3. LA TRANQUILIDAD COMO OBLIGACIÓN RESPONSABLE: aprendiendo a afilar la sierra
Exigirnos tanto como profesionales, amantes, hijos, amigos o padres y madres responde, además de a nuestra satisfacción personal, al deseo de aportar lo mejor de nosotros a nuestros seres más queridos. Sea más dinero, mejor compañía o educación, queremos dedicar tantas y tantas horas y nos demandamos tamaños resultados porque la felicidad de los nuestros es tan o más importante que la propia. Y, dado que estar uno mismo mejor incrementa nuestra eficiencia en todos estos ámbitos, es precisamente en aras de esa felicidad en tercera persona por lo que resulta un acto de entrega y responsabilidad el dedicarnos un tiempo a nosotros mismos, a nuestro disfrute y “renovación” personal. No por un mero hedonismo egoísta (que también, por supuesto), sino para fabricarnos una entrega eficiente a los que tanto queremos y por los que tanto estamos dispuestos a sacrificar. Precisamente por ellos, debemos devolvernos algo de ese tiempo que, presuntamente para ellos, nos escatimamos con tanta saña. Debemos ser tan indulgentes con los resultados cosechados como insobornablemente autocríticos con los métodos que nos hayan llevado hasta ellos. Y no olvidarnos de una absoluta obviedad: nos guste o no, no somos máquinas. Y el acierto y la lucidez estratégica para planificar la producción es mucho más importante que el número de horas invertidas en producir.

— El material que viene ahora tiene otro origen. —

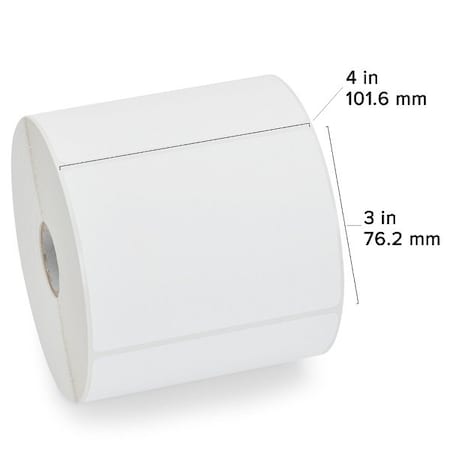 Zebra Zebra Direct Thermal Label, Paper, 4" x 3", Z-Select 4000D, 1" Core, 930 labels/Roll, 12PK 10015344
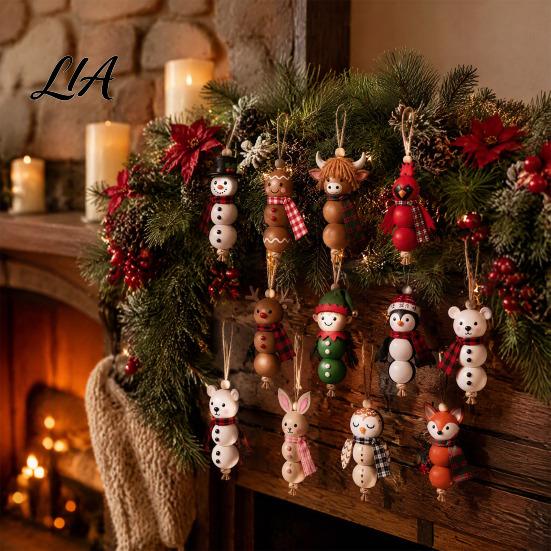 Wooden Bead Craft Kit Christmas Ornament DIY Kit, Make 4 Beaded Pendants, Wood Kits for Holidays Handmade Holiday Hanging Decorations Tree Mantel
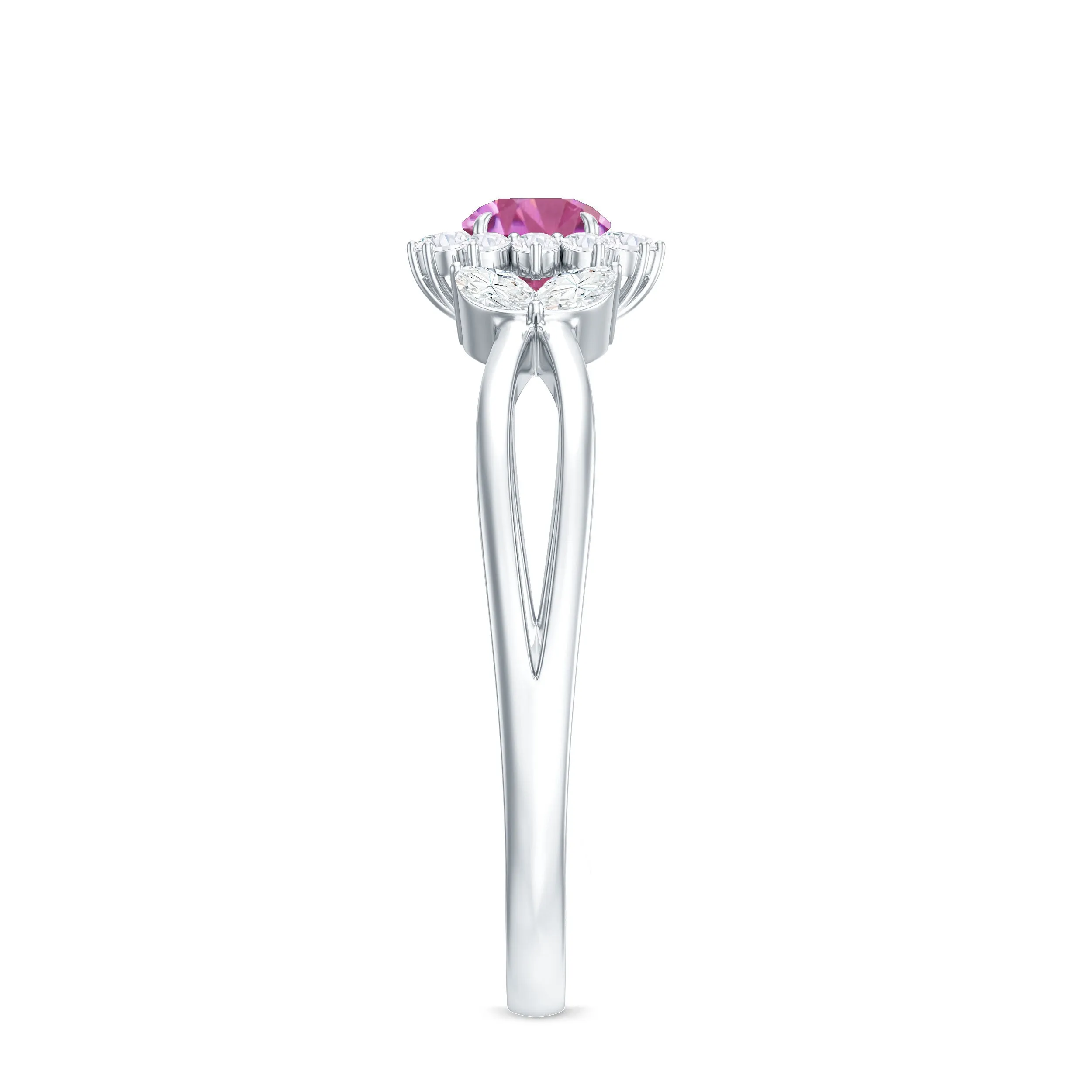 Pink Tourmaline and Diamond Flower Engagement Ring with Split Shank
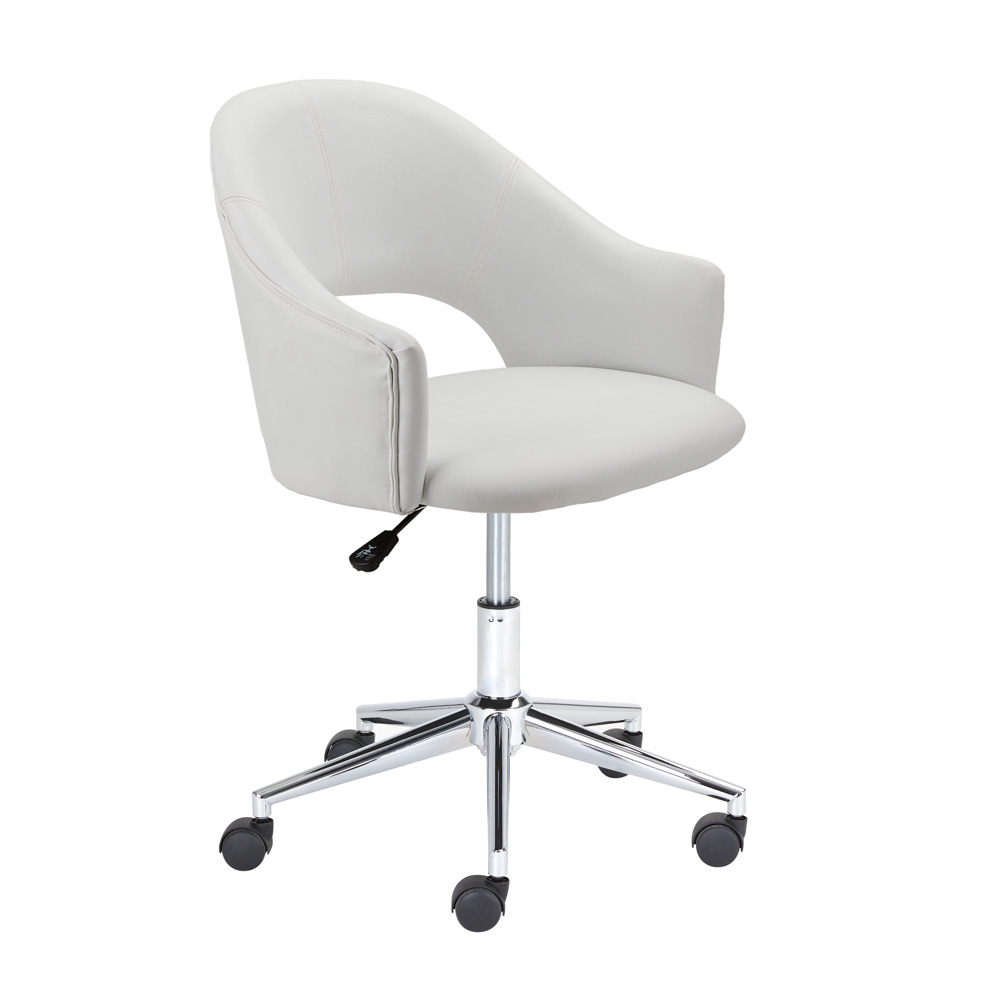Castelle Office Chair: White Leatherette
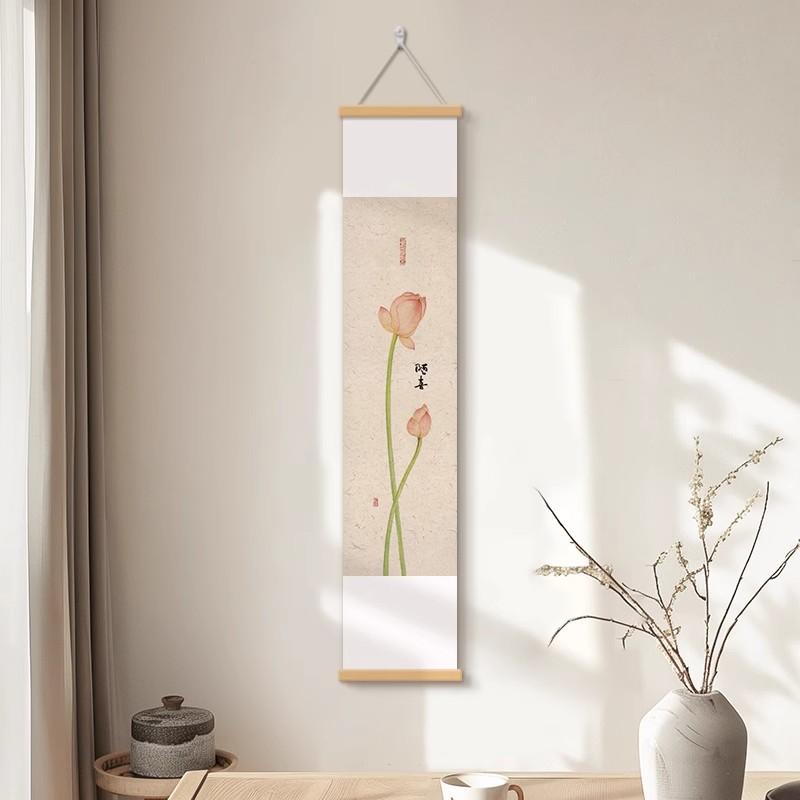 蓮の新しい中国のスクロールの吊り下げ絵画の垂直ストリップの茶室の研究禅の装飾画リビングルームのオフィスの吊り下げスクロール壁画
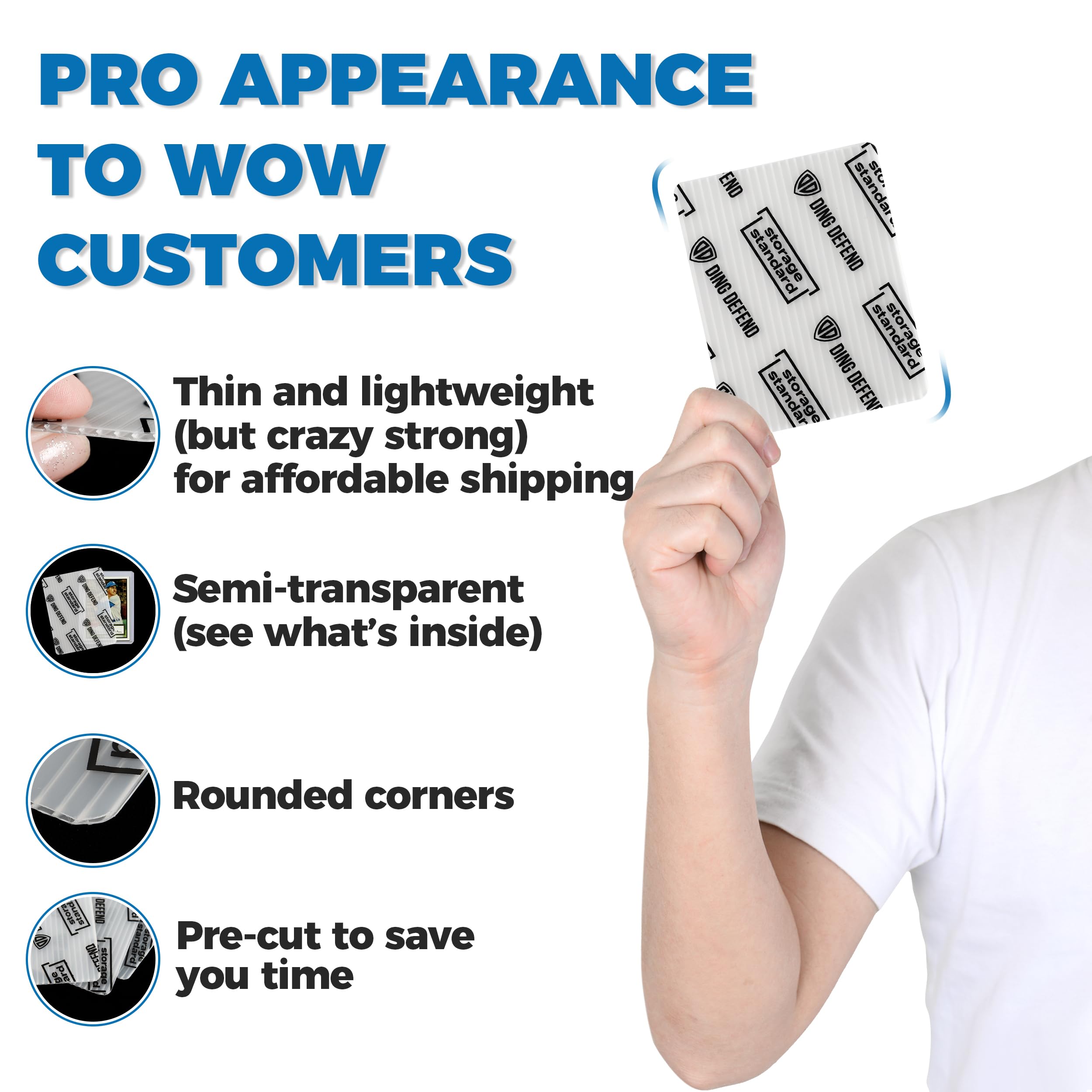 Storage Standard Trading Card Shipping Protectors - 110 Pack, 3.5'' x 4.5'' Padded Plastic Sleeves 6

Si de lo que se trata es de llevarles a los seres queridos mucha leña, hemos visto que a la larga no corta más árboles quién se dedica febrilmente a serrar sin descanso, sino quien para de tanto en tanto. No sólo para descansar sino, principalmente, para afilar la sierra.
La vida no es una carrera de 100 metros lisos sino una maratón en el que de poco sirve encadenar breves y explosivos esprints absolutamente insostenibles a la larga. La mejor manera de llegar rápido no es esprintar desaforadamente cuando ya estamos exhaustos, sino pararnos a descansar para coger fuerzas y desentumecer y cuidar nuestros músculos. No sólo nosotros lo agradeceremos: los que dependen de nosotros, también. Mucho más, para ser exactos.
Sólo hay un despilfarro mayor que perderse el presente por el miedo al futuro: hipotecarnos el futuro por el sobresfuerzo presente.